I'm still annoyed with NOAA, not least because when they have clearly blown a forecast, as in whatever they predicted is obviously wrong, their updates just ignore it. High temp of 80° F, but it's already 87° by 1130 and climbing fast? Screw it. Keep predicting 80°. Perhaps people won't notice that they are baking.

That's a really bad example, given the time of year, but the frequency of this sort of thing has led me to log at least some of the more egregious examples into daily notes file. So, worth a minor rant-by-example.

I tend to follow the weather fairly closely. I'm out in it a fair amount, though I do tend to back off when it's really rotten. So I follow some weather blogs, and a bit of research. One of the more popular blogs is http://cliffmass.blogspot.com/. He's a University of Washington scientist, and is often spot-on. When he isn't spot-the-FUBAR-off.

Problems? Yeah, I have some. Appeal to Authority flaws, sometimes in the same post that he denigrates those authorities, inconsistency of message, and more than a little hype about certain topics. Again, sometimes in the same post in which he denigrates hype.

Perhaps my biggest problem is that he is a scientist. I am very far from being some sort of anti-science Luddite; I am a heavy consumer of science. But there's a corner case involved, in his field, which seems to be ignored. Mostly, it's about where the money goes. As taxpayers, how are we to judge whether we are receiving value? Why is NOAA not quantifying errors, so that we might judge when forecasts are most likely to be erroneous?

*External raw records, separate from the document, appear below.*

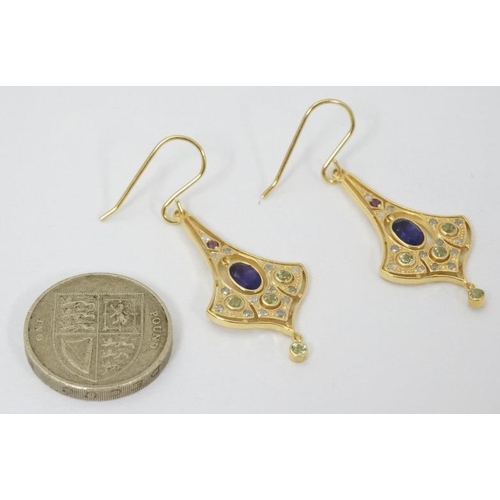 979 - A pair of silver gilt drop earrings set with amethyst, peridot and white stones. Approx 1 1/2'' long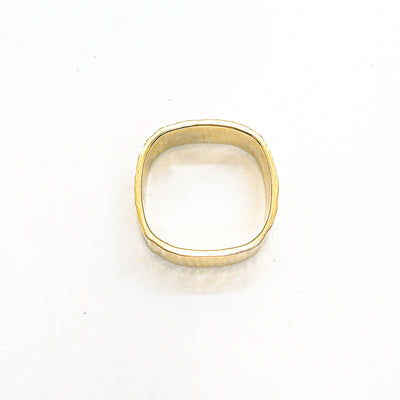 over top view of 14k Gold Cross Pein Hammered Band by Judie Raiford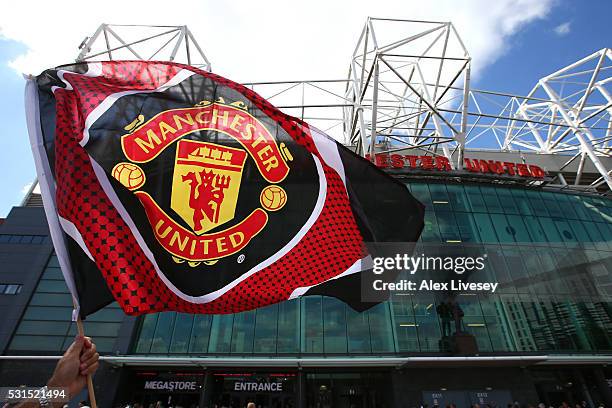 Supporter waves the flag prior to the Barclays Premier League match between Manchester United and AFC Bournemouth at Old Trafford on May 15, 2016 in...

The other axis in that corner case is this.


http://www.probcast.com/ is about probabilities and ensemble forecasting, from UW. It's an experiment, with a useful 'about' page. But still no indication of the circumstances under which it wanders off into left, and it's run by scientists. Who are often the most security-clueless people imaginable. It's somewhat understandable, because they are all about generating new knowledge, and sharing it widely.

Still, having even half a security clue is useful. There is a reason that Linux directories under /home are private in most modern distros. Despite UNIX being historically rooted in research environments.

Now and then (very occasionally) I report a problem to a Web site owner. Not often, because as often as I find them, it would burn too much time. In this case, I got on the phone. The UW person I spoke with had no idea what I was even talking about. She knew of no such site, who to contact, etc. The issue was fixed in fairly short order (do not remember exact timing) but in terms of appropriate response, it was a miserable failure.

Scientists mostly don't do operations. The concept of domain squatting (excuse me,  'cybersquatting') completely escapes them. I'm fine with that, actually. Different fields of endeavor, and I'd rather scientists were paid to do science.

But I get annoyed as hell when some scientist writes about something that is way outside their area of expertise, expecting to be considered an authority.